I have watched the source code of mapReduce for about two nights. I am tired overall. On the one hand, I am not very proficient in my own go language, especially in the use of channel, which leads me to frequently stop to query relevant documents and understand the author's writing method. On the other hand, I really burn my brain (admire the author's thinking ability) by communicating between multiple goroutine s through channel.

Secondly, when looking at the source code, it will certainly look silly for the first time. In fact, it doesn't matter to find the entry of the program (common basic components are generally oriented methods). First read along the main line, understand each sentence of code, add comments, and then look at the branch code.

If there is something you really don't understand, check the submission record of this code. It is very likely to solve a bug change. For example, I haven't understood this code many times.

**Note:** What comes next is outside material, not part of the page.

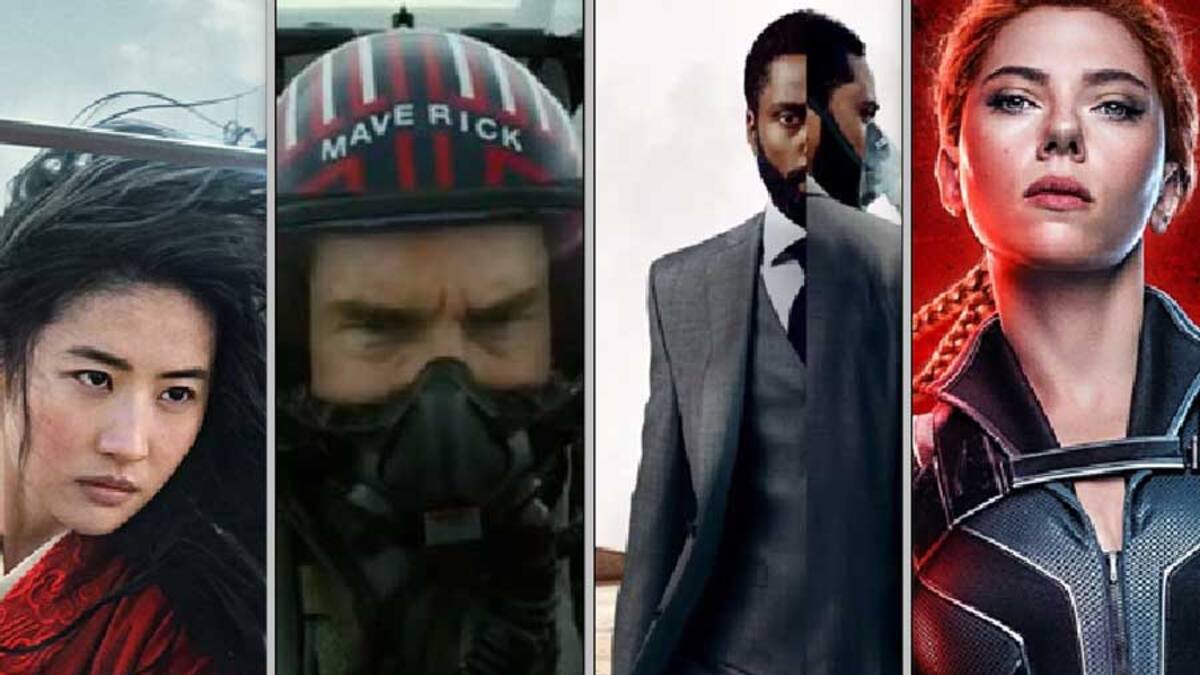 "Tenet", "Mulan" y "Top Gun: Maverick" lideran las cintas retrasadas por la pandemia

// The aggregate data channel needs to manually call the write method to write to the output
output := make(chan interface{})
// output will only be read once in the end
defer func() {
    // If there are multiple writes, it will cause blocking and lead to co process leakage
    // Here, use for range to detect whether the data can be read out. Reading out the data indicates that it has been written for many times
    // Why use panic here? It is better to remind the user that the usage is wrong than to fix it automatically
    for range output {
        panic("more than one element written in reducer")
    }
}()

Finally, draw a flow chart and basically understand the source code. For me, this method is stupid but effective.